=== Requirement ===
Repeat the following entries verbatim, apart from the pictures.

=== Given data ===
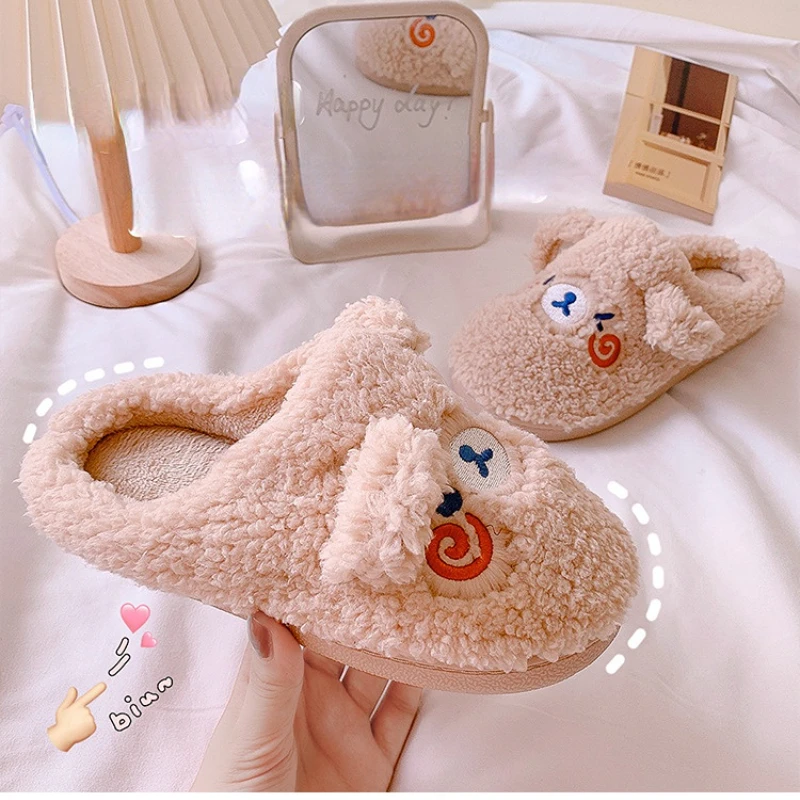 Cute Cotton Slippers  womens winter indoor home anti-slip cartoon rabbit plush warm slippers Non Skid Fuzzy Shoes Female Fluffy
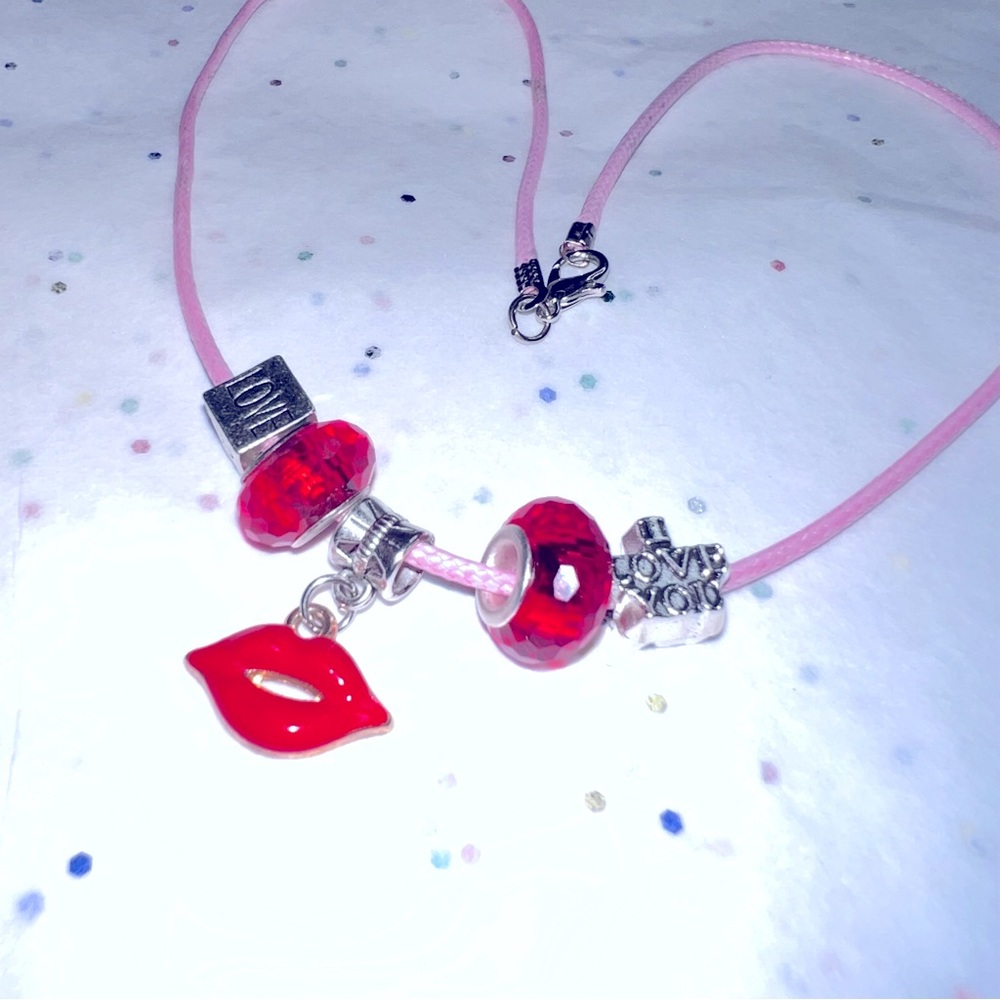 New Love Charm Necklace Pink Cord Red Lips & I love You Charms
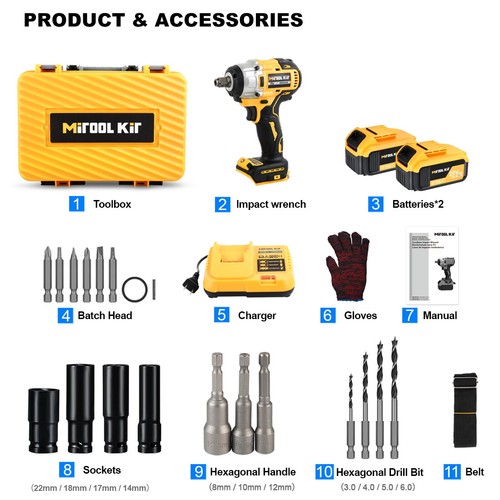 Cordless Impact Wrench 1/2" 600Nm High Torque Brushless Drill W/Li-ion Battery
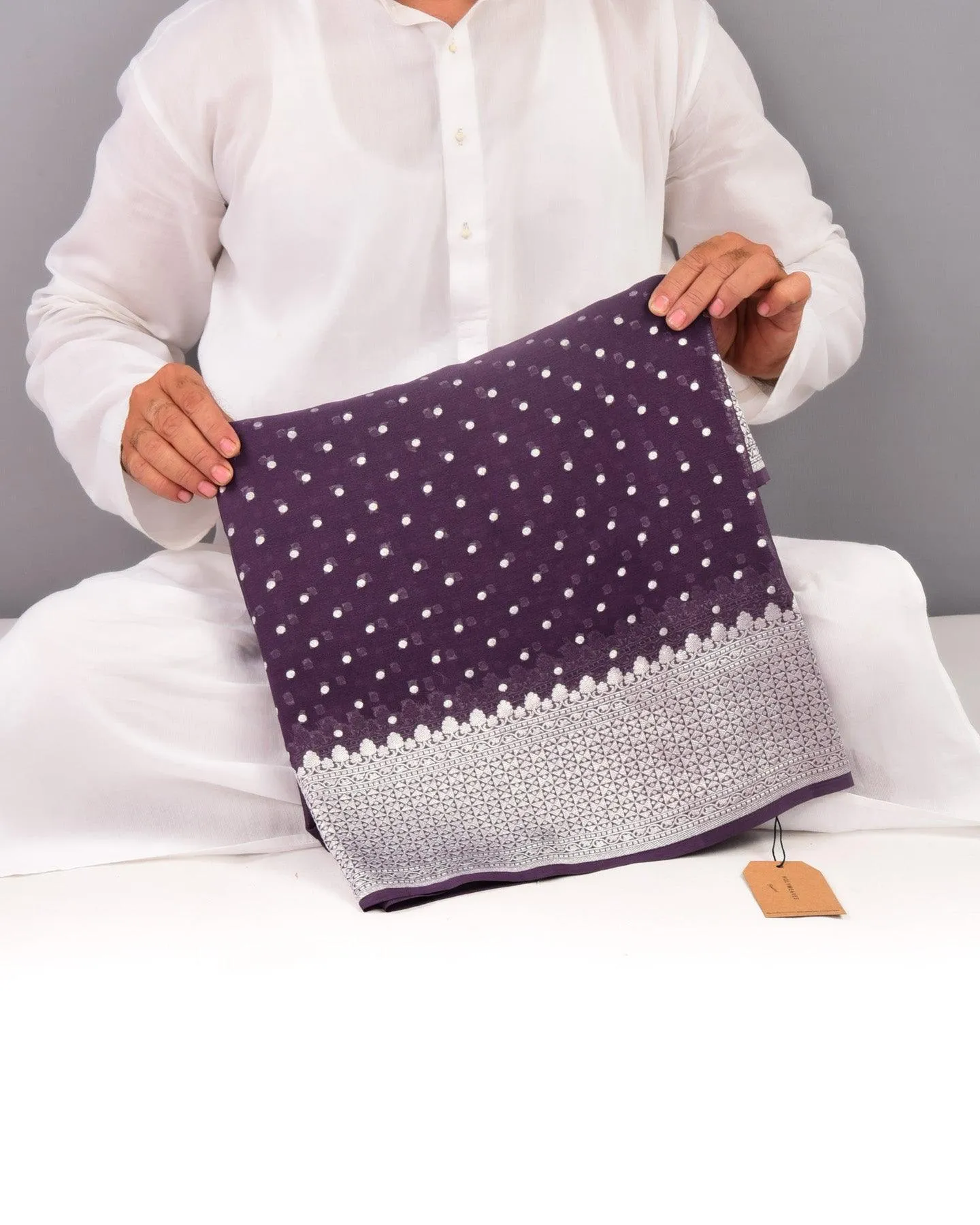 Purplish Gray Banarasi Silver Polka Buti Cutwork Brocade Handwoven Khaddi Georgette Saree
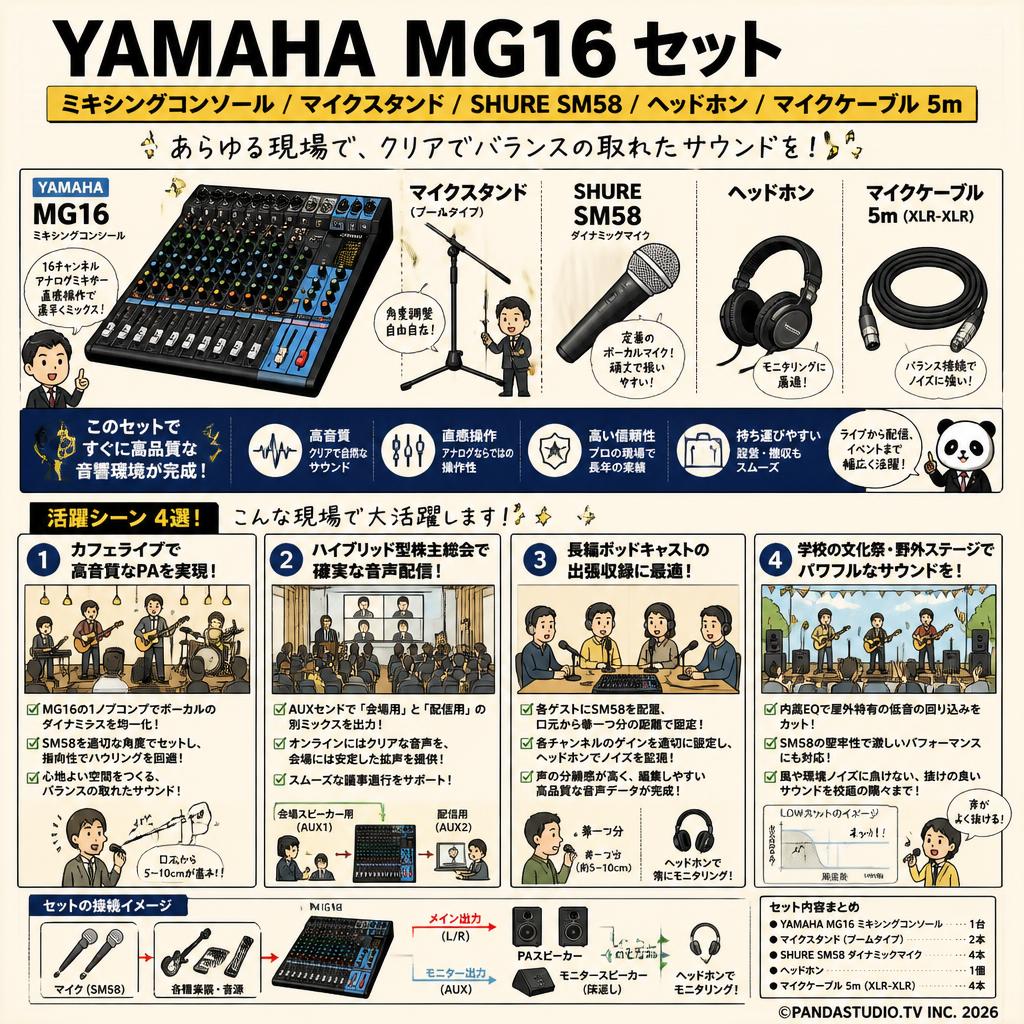 YAMAHA MG16 ミキシングコンソール / マイクスタンド / SHURE SM58 / ヘッドホン / マイクケーブル 5m セット 用途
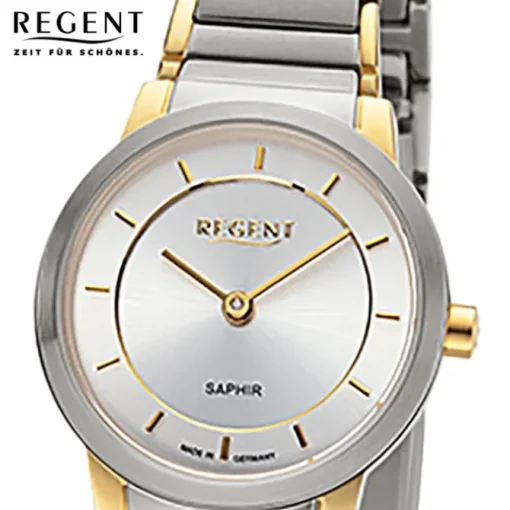 Regent Damen Armbanduhr Analog GM-2131 Quarz-Uhr Metallband bicolor URGM2131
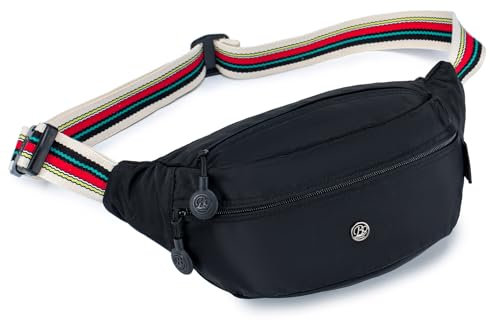 BAGROUPS Wasserdicht Hüfttasche Bauchtasche Damen Gürteltasche für Outdoor Reisen Sport Wandern Joggen Hundespaziergänge, Schwarz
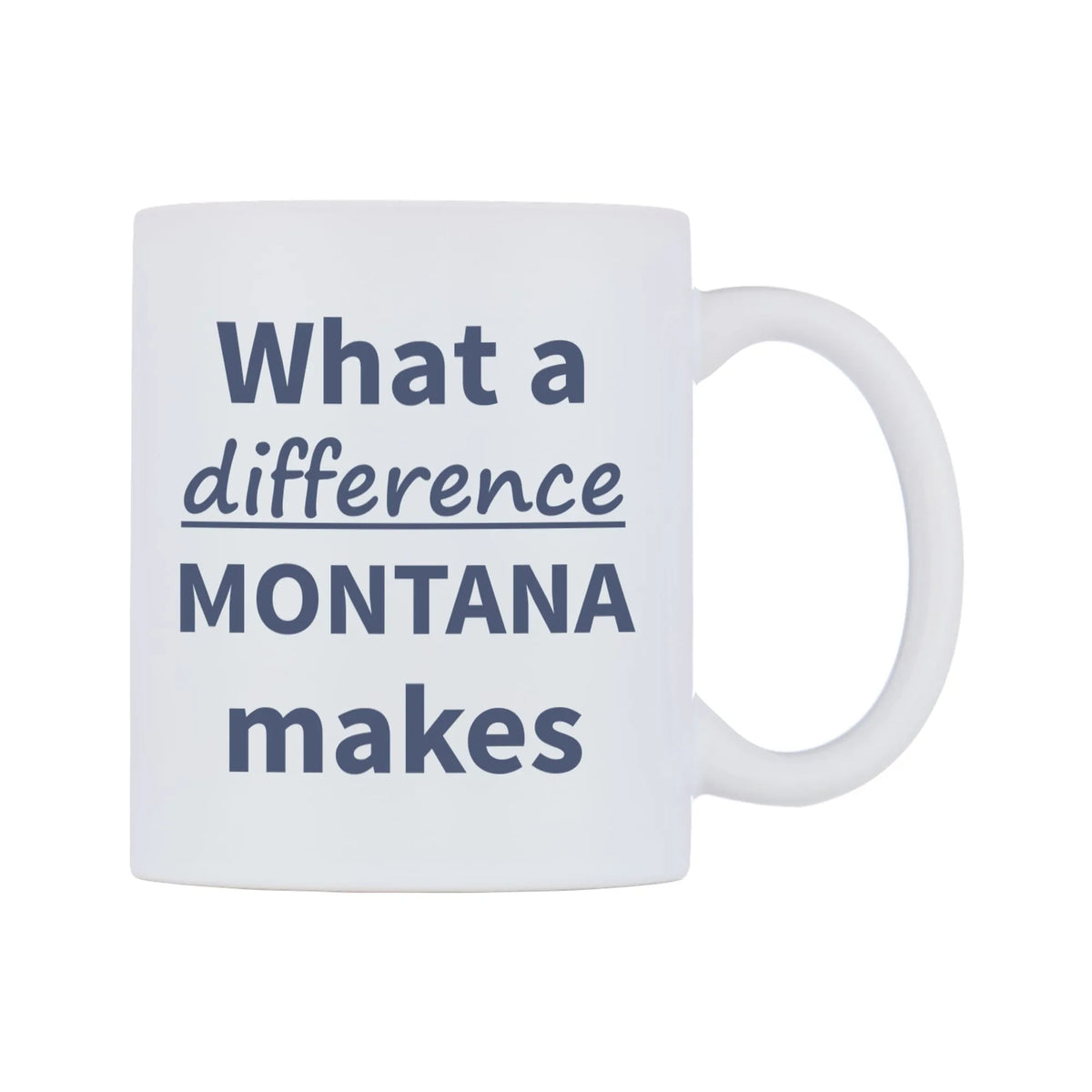 What a difference MONTANA makes Mug — mug, left side, on a white background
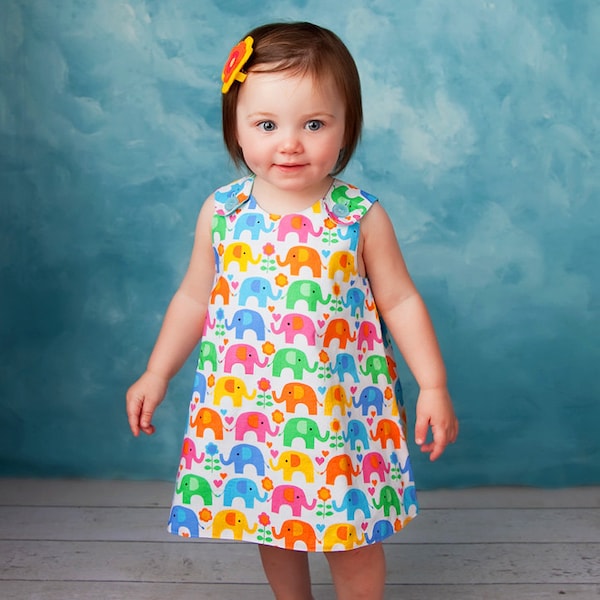 The Perfect A Line Dress pattern - Baby and Toddler 0 to 24 months - Reversible - Digital Sewing Pattern Download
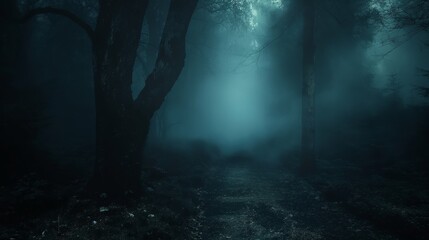 Obraz premium A mysterious and eerie dark forest scene with a trail leading into foggy depths, illuminated by a soft ominous glow, evoking a sense of intrigue and wonder.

=== The completed task ===
 Cute Cotton Slippers  womens winter indoor home anti-slip cartoon rabbit plush warm slippers Non Skid Fuzzy Shoes Female Fluffy
 New Love Charm Necklace Pink Cord Red Lips & I love You Charms
 Cordless Impact Wrench 1/2" 600Nm High Torque Brushless Drill W/Li-ion Battery
 Purplish Gray Banarasi Silver Polka Buti Cutwork Brocade Handwoven Khaddi Georgette Saree
 YAMAHA MG16 ミキシングコンソール / マイクスタンド / SHURE SM58 / ヘッドホン / マイクケーブル 5m セット 用途
 Regent Damen Armbanduhr Analog GM-2131 Quarz-Uhr Metallband bicolor URGM2131
 BAGROUPS Wasserdicht Hüfttasche Bauchtasche Damen Gürteltasche für Outdoor Reisen Sport Wandern Joggen Hundespaziergänge, Schwarz
 What a difference MONTANA makes Mug — mug, left side, on a white background
 The Perfect A Line Dress pattern - Baby and Toddler 0 to 24 months - Reversible - Digital Sewing Pattern Download
 Obraz premium A mysterious and eerie dark forest scene with a trail leading into foggy depths, illuminated by a soft ominous glow, evoking a sense of intrigue and wonder.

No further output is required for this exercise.